** Provided data follows **
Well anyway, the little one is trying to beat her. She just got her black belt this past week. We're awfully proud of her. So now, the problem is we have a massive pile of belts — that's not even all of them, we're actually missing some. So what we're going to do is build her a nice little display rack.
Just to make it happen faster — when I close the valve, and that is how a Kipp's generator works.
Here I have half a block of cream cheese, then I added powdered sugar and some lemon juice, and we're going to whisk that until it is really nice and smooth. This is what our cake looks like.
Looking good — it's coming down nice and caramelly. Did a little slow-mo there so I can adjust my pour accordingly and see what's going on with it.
** End of Provided data **
** Provided data follows **
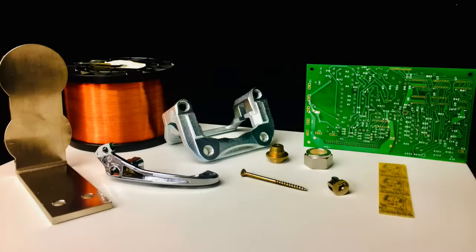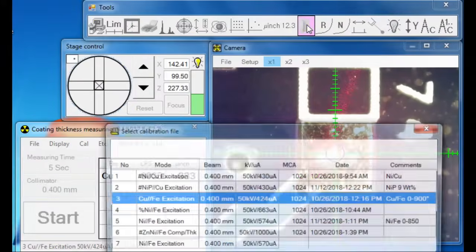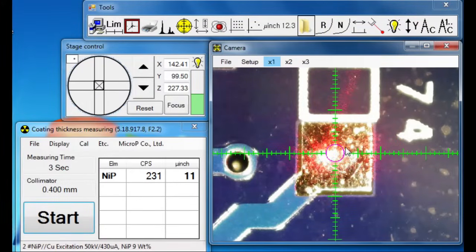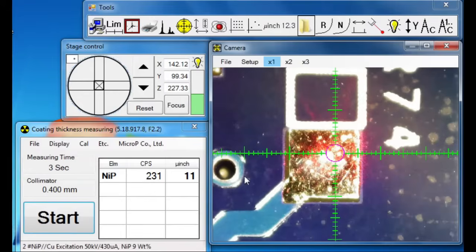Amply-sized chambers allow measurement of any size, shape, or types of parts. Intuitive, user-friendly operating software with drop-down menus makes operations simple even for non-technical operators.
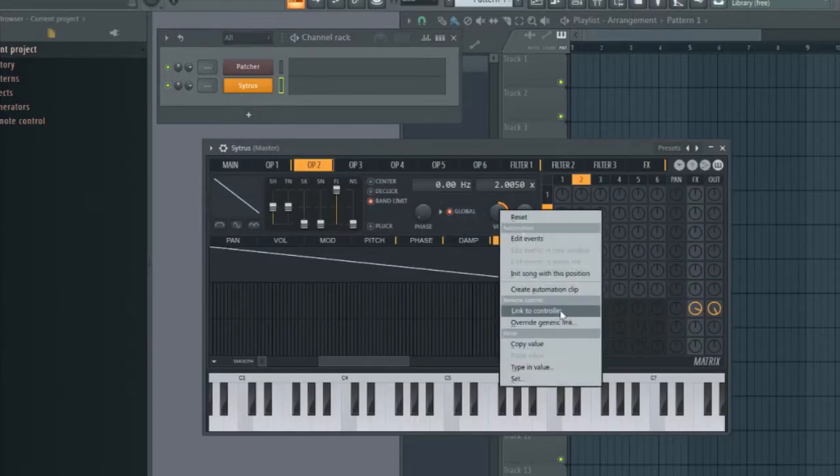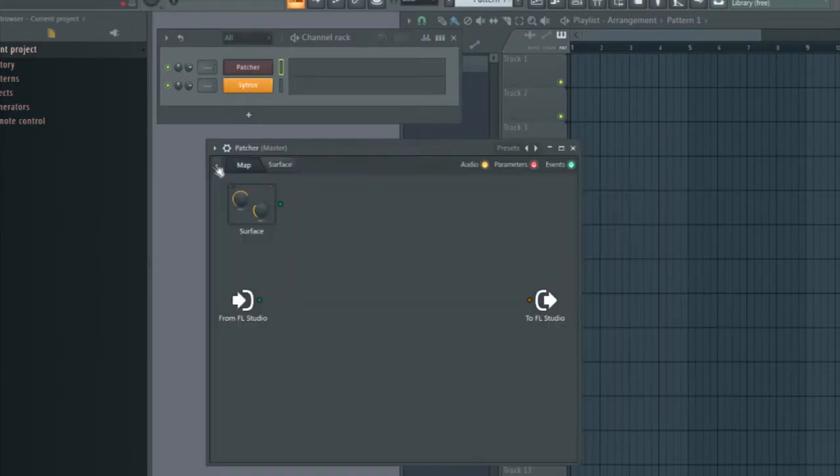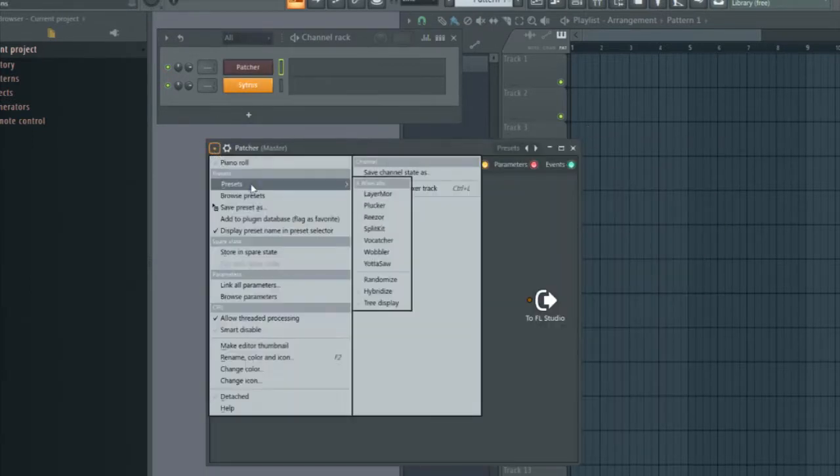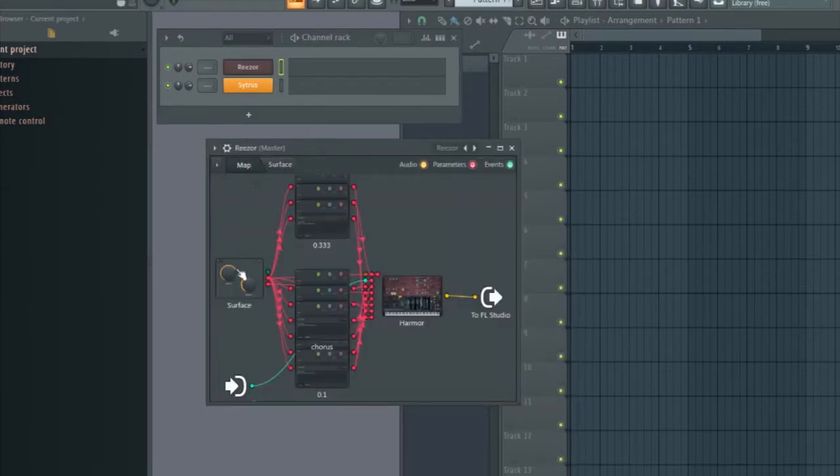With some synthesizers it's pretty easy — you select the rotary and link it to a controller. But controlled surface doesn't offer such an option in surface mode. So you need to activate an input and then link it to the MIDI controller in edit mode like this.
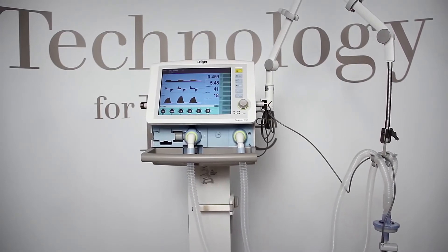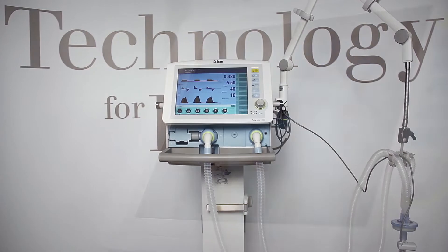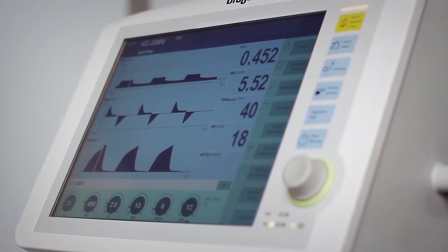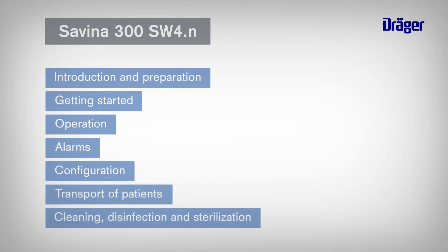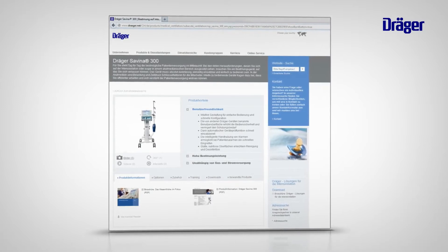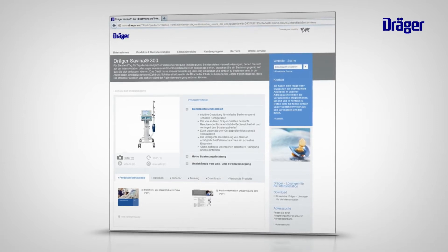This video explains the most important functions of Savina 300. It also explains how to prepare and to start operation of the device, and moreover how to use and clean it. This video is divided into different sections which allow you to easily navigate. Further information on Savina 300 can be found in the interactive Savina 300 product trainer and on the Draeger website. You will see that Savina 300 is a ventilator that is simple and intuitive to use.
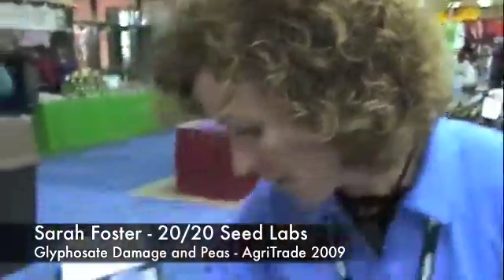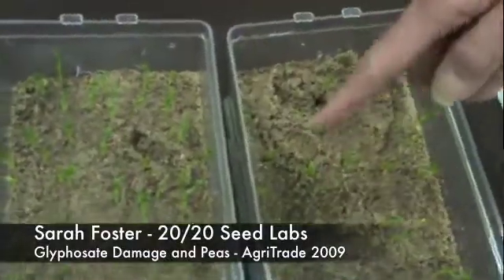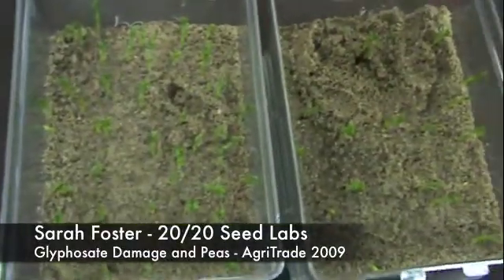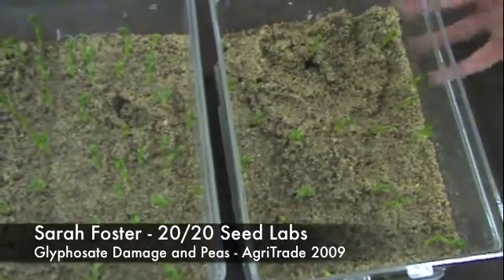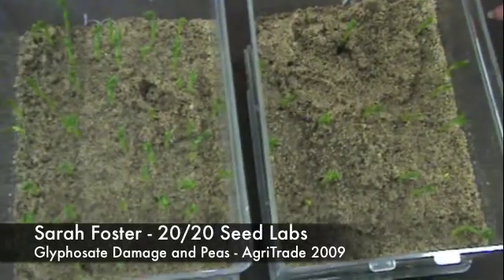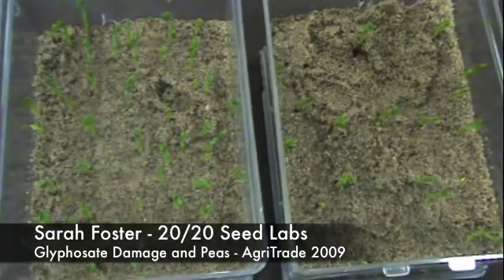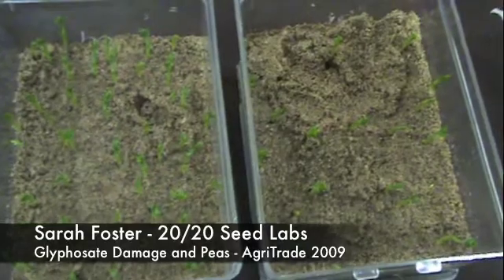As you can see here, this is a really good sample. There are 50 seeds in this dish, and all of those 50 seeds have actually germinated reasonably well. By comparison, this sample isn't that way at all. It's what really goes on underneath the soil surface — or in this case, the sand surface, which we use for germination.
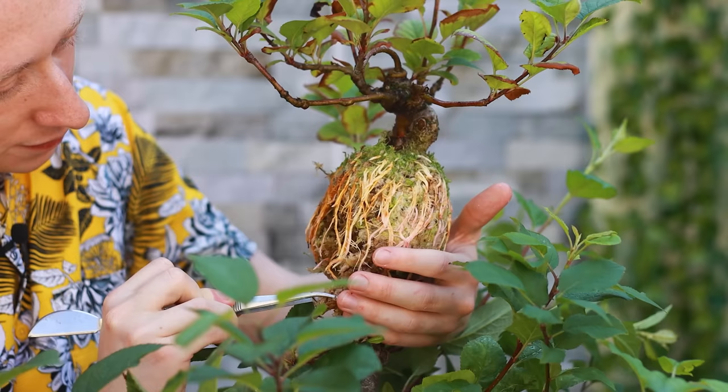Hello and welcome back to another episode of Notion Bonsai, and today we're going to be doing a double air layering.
** End of Provided data **
** Provided data follows **
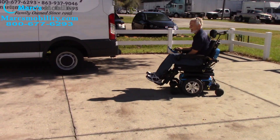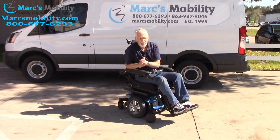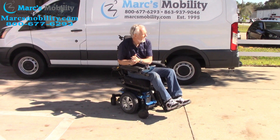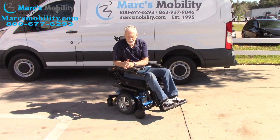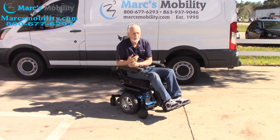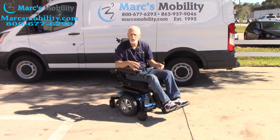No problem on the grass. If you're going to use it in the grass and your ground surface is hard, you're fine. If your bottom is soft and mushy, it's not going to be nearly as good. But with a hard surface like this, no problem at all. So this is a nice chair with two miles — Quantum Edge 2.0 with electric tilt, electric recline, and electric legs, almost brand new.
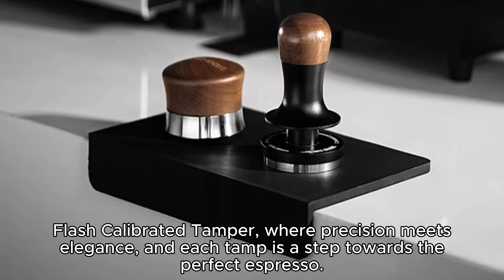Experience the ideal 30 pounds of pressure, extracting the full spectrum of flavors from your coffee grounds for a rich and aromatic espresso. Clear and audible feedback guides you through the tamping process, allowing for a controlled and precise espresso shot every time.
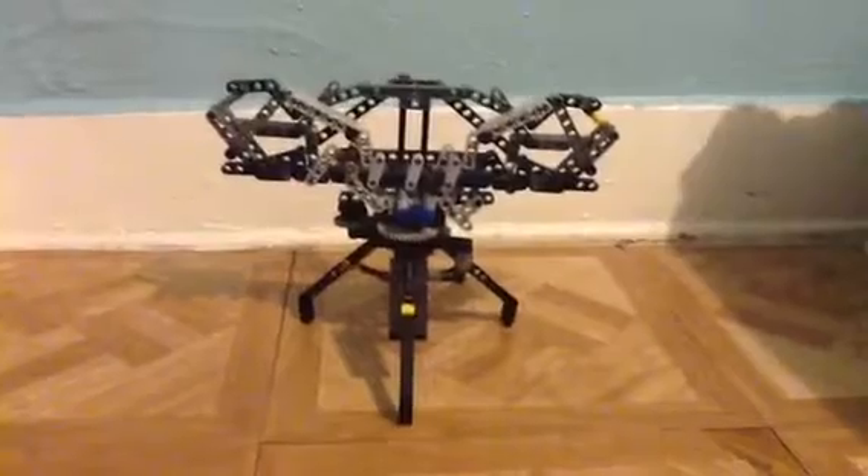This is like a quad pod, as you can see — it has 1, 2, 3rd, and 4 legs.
** End of Provided data **
▶ What this task involves:
Starting with the line that has "Amply-sized chambers allow" and going on through the line that has "With some synthesizers", transcribe the records above exactly, but skip the pictures.

▶ Reply:
Amply-sized chambers allow measurement of any size, shape, or types of parts. Intuitive, user-friendly operating software with drop-down menus makes operations simple even for non-technical operators.
With some synthesizers it's pretty easy — you select the rotary and link it to a controller. But controlled surface doesn't offer such an option in surface mode. So you need to activate an input and then link it to the MIDI controller in edit mode like this.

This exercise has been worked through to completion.